| 61 Views
Hilangnya fitrah Ibu Buah Sistem Sekuler

Oleh : Ummu Silvi
Aktivis Muslimah Ngaji
Ibu memiliki peran yang signifikan dalam keluarga, sebab sifat penyayang dan lembut ada pada perempuan. Karena itu, seorang ibu memiliki pengaruh yang cukup besar terhadap pembentukan karakter anaknya. Seorang ibu akan melakukan apa saja untuk keluarganya. Termasuk dalam memenuhi kebutuhan anak-anaknya.
Namun bagaimana jika ternyata fitrah seorang ibu yang penyayang justru minim akibat tingginya beban hidup. Seorang ibu yang tega membunuh anaknya karena faktor ekonomi. Tingginya beban hidup justru telah mematikan fitrah keibuannya.
Miris, itulah kata yang bisa kita ucapkan ketika kita mendengar berita pembunuhan apalagi kasus pembunuhan kali ini dilakukan oleh ibu kandungnya sendiri. Di Desa Membalong Kabupaten Belitung , seorang ibu bernama Rohwana (38) tega membunuh bayinya sendiri dengan cara menenggelamkan ke ember berisi air sesaat setelah dilahirkan. Dan setelah bayi tidak bernyawa, sang ibu membuangnya ke semak semak di kebun milik warga setempat.
Sang ibu mengakui tega membunuh bayinya karena tidak memiliki biaya untuk membesarkannya. Pasalnya, sang ibu telah memiliki 2 anak dan suaminya hanya bekerja sebagai buruh.
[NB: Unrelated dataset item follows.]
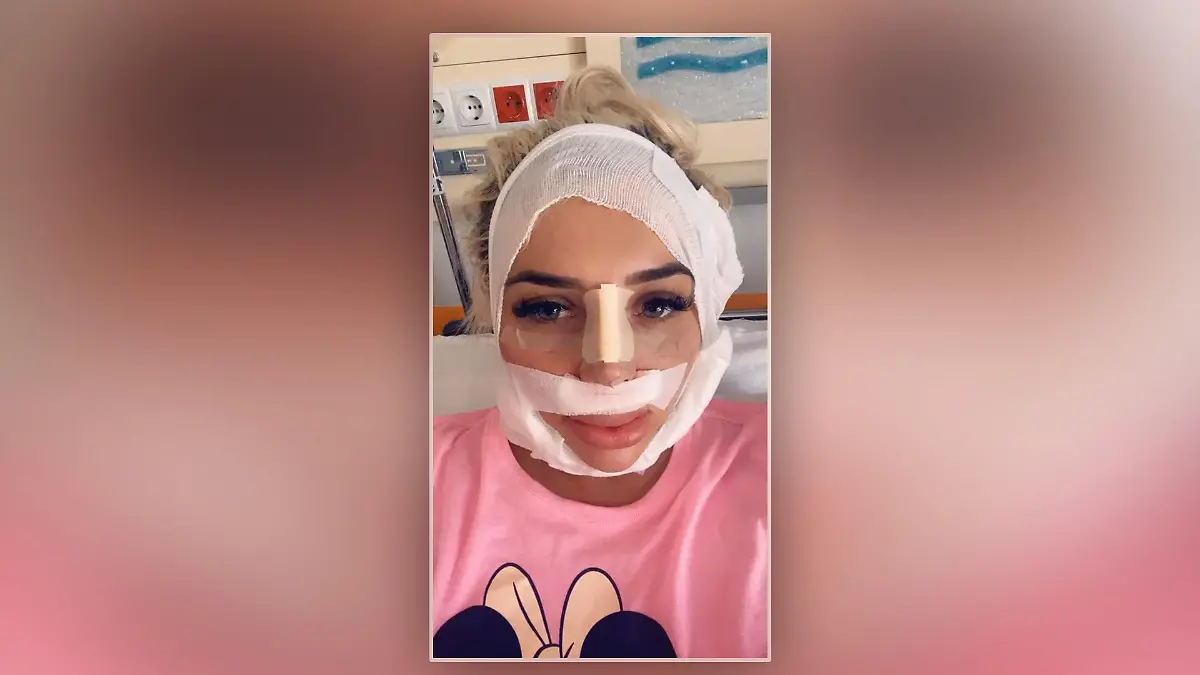 Amber May nach einer Operations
Berawal dari penemuan warga sekitar atas bayi laki-laki pada Jumat sore (19/1), kemudian dilanjutkan proses penyidikan. Dari hasil penyidikan tersebut diketahui bahwa perempuan yang kesehariannya bekerja sebagai buruh ini mengakui bahwa tindakan tragis yang dilakukannya diduga karena impitan ekonomi.
Alasan tidak cukup biaya untuk membesarkan anak ketiga yang baru saja lahir tersebut disertai dua anak lainnya yang sudah besar dan suami yang bekerja sebagai buruh, sehingga Rohwana tega membunuh putranya.
Akibat perbuatannya, Rowana dijerat Pasal 338 KUHP atau pasal 305 KUHP Jo Pasal 306 Ayat 2 KUHP atau Pasal 308 KUHP.
Kasus Filiside, kasus orang tua yang membunuh anaknya ini bukanlah yang pertama kali terjadi. Banyak kasus sama yang terjadi di daerah berbeda. Banyak hal yang menyebabkan hal ini terjadi, namun yang paling muncul di permukaan adalah faktor himpitan ekonomi yang telah mengimpit masyarakat.
Kasus yang di atas bisa terjadi karena adanya beberapa faktor, yang pertama adalah lemahnya iman yang telah membuat ibu gelap mata dan tidak bisa berpikir jernih. Ibu tidak menyadari bahwa anak adalah karunia sekaligus amanah dari Allah SWT yang harus dijaga karena kelak orang tuanya akan dimintai pertanggungjawaban masalah pengasuhan dan pendidikan sang anak.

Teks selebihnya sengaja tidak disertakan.